## THE TASK
Would you please copy the part of the material below that opens with the line containing "上海新增境外输入病例2例︰(上海 新增 境外输入)" and closes with the line containing "Fox & Wolf 8x10 3D Shadow Box Art Fox"? Copy it exactly, and only it.

## DATASET CONTENT

%%

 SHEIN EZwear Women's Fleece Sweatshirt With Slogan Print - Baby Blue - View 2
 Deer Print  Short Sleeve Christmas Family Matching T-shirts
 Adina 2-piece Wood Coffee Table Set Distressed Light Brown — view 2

%%
%%

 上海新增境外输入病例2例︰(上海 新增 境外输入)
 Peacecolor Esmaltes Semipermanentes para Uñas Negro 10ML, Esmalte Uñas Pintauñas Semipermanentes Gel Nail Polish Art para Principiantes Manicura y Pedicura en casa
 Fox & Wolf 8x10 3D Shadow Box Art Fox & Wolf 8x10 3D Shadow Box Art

%%

## THE COMPLETED TASK
 上海新增境外输入病例2例︰(上海 新增 境外输入)
 Peacecolor Esmaltes Semipermanentes para Uñas Negro 10ML, Esmalte Uñas Pintauñas Semipermanentes Gel Nail Polish Art para Principiantes Manicura y Pedicura en casa
 Fox & Wolf 8x10 3D Shadow Box Art Fox & Wolf 8x10 3D Shadow Box Art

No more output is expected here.